How has growth in GP Led transactions over the last 5 years impacted the LP portfolio market?
Bruno Bertrand-Delfau: “The main impact has been allocation of resources and dry powder on the buy-side as secondary funds have been inundated with continuation funds projects. Many secondary funds deal teams have been unable to dedicate the same time and energy to pursue LP portfolio opportunities. Some players leaning traditionally more towards the LP portfolio business have therefore been able to seize good LP portfolios in 2021. With risk generally increasing in the current political and economic environment and LPs requesting more diversified portfolio, there should now be a good momentum for LP portfolios.”
Chris Robinson: “The market volume for GP-led transactions has more than quadrupled over the last five years, accounting for close to 50% of the market in 2021. With that being said, dedicated available capital remains high at an estimated at $227 billion (as of 6/30) so secondary buyers have ample capacity and demand, particularly for diversified LP portfolios.”
What have been the biggest factors impacting sell side supply and why?
Bruno Bertrand-Delfau: “Financial markets collapsing and continuing high volatility in markets have limited sale volumes in the first part of the year.
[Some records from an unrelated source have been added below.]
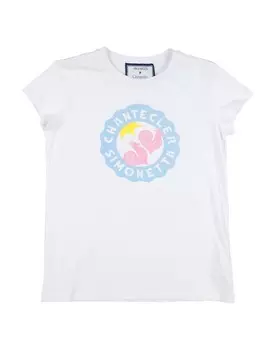 Футболка Simonetta, белый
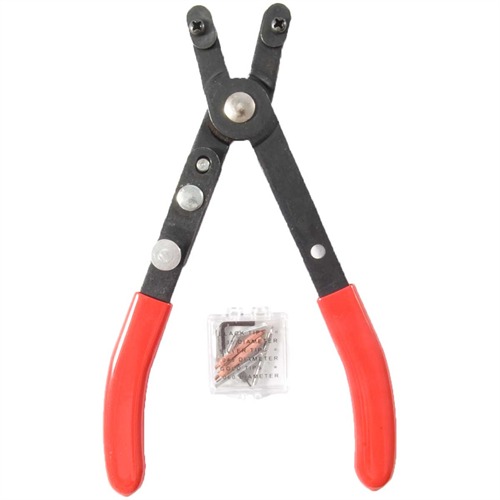 LISLE CORPORATION - SNAP RING PLIERS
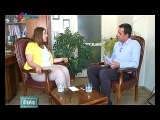 Diyalog 15. Bölüm Kemal Göktaş-Neval Oğan Balkız (27 Haziran 2016)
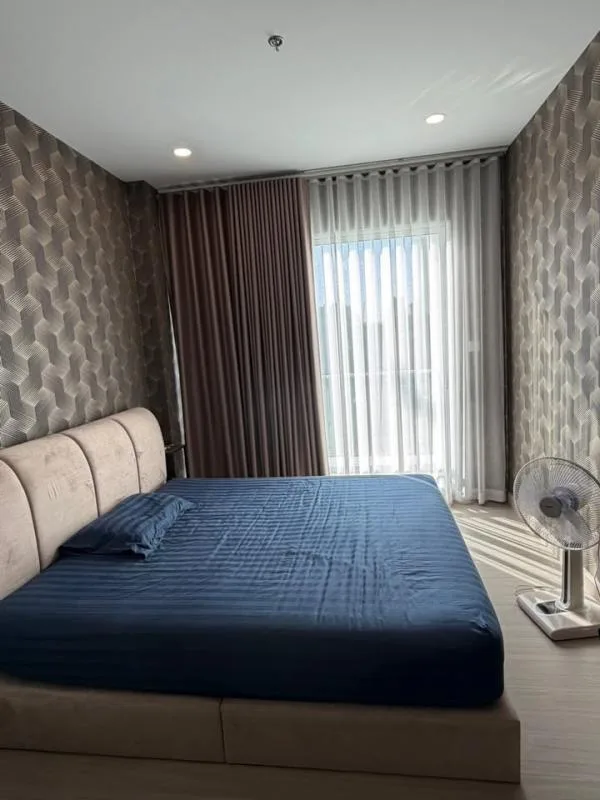 Property photos for Supalai Premier Si Phraya-samyan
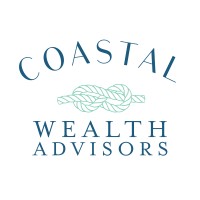 Coastal Wealth Advisors logo - Similar company to Runey & Associates Wealth Management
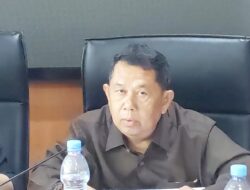 Komisi II DPRD Medan Dorong Kinerja Dirut RS Pirngadi, “Tingkat Pelayanan dan Naikkan Honor Dokter Spesialis”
Hopefully, a denominator effect and search for liquidity to finance new commitments will push volumes up in the run up to year end.”
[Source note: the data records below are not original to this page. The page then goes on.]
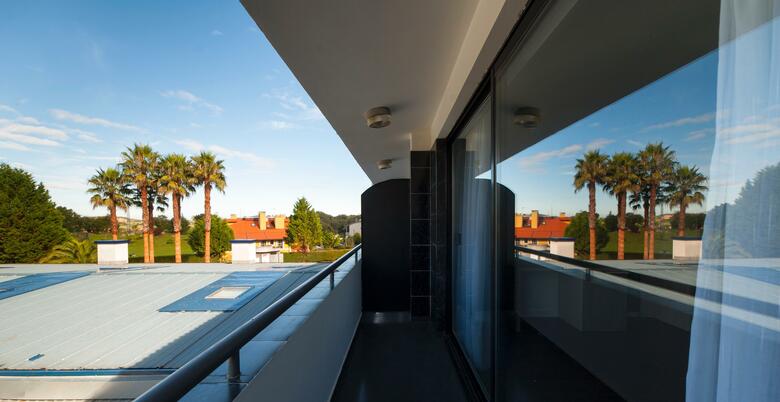 Hotel La Palma de Llanes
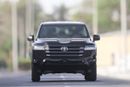 تويوتا لاند كروزر Toyota Land Cruiser GXR | 4L | Best Export Price
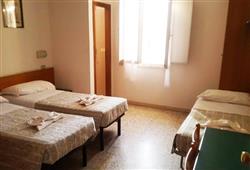 5. Hotel Cortina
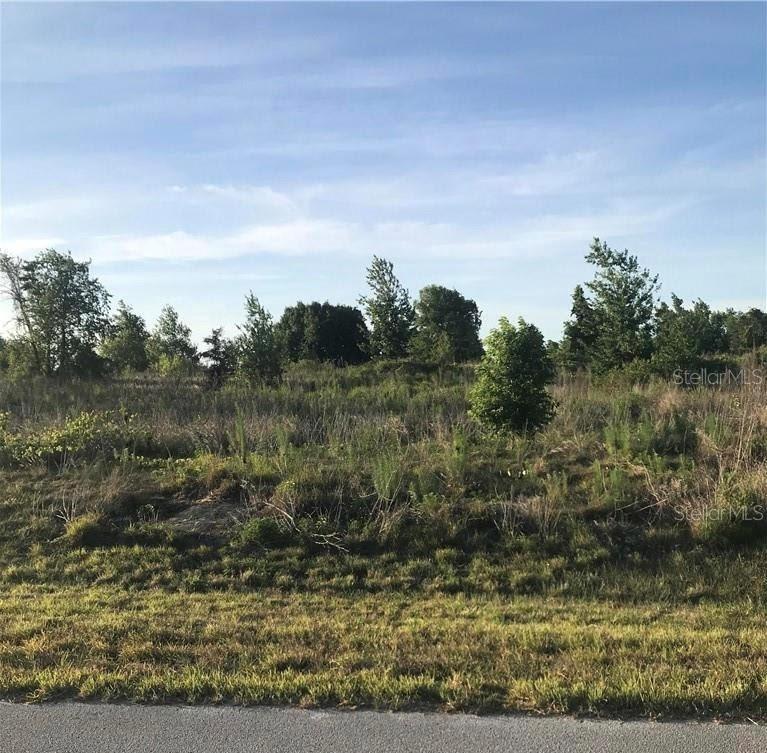 AVALON ESTATES - Land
Chris Robinson: “Many sellers are overweight in their private exposure and have sought to bring transactions to market to rebalance their asset allocations. In addition, faster turnarounds from sponsors looking to fundraise and a push to consolidate core GP relationships, have accelerated sell side LP portfolio supply.”
What have been the biggest factors impacting buy side demand and why?
Bruno Bertrand-Delfau: “Scarcity of human resources and limit of dry powder have certainly restrained activity. More recently, turmoil in the markets , high inflation in nearly all developed economies and resulting interest rates hikes have made valuation and pricing of portfolios uneasy. LPs have been asking for more diversification and less risk and many secondary houses have been reluctant to put forward bids matching sellers’ expectations. Leverage is also not as abundant or as inexpensive as it once was and many big names have started fundraising. Therefore, the global dry powder level should go up sharply in the coming months.”
Chris Robinson: "In the first half of 2022, a challenging underwriting environment caused buyers to be highly selective in deploying capital. Buyers have sought and received extended due diligence periods, hoping to better analyze portfolio company performance in a challenging valuation environment. While it’s expected that buyers will remain disciplined in the near term, several factors should lead to a strong year end supply of new opportunities, including (i) a desire to prudently deploy capital recently raised, (ii) a number of high quality transactions being brought to market, and (iii) new sources of capital, many of which are non-traditional investors looking to join the market."
What’s next for the secondaries market? What are the areas of growth, evolution of techniques, etc?
Bruno Bertrand-Delfau: “Certain sub-segments like infrastructure secondaries are going to grow sharply. Portfolios are also going to continue their growth with potentially 10bn deal value being reached in the coming years. Deals are going to be executed at increased pace to avoid market reversals in an unstable economic environment. Optimal US tax and regulatory capabilities will still be key for a smooth deal execution. More deal structuring may be necessary to make deals possible in the current environment, with a variety of available tools, from deferred price to earn out.”
Chris Robinson: "Given how healthy buy-side fundraising has been, we expect the secondaries market to continue its growth trajectory. As a sub-category, real estate and infrastructure transactions, with inflation and recession resistant characteristics will continue to be in high demand with several buyers raising dedicated pools of capital to these strategies."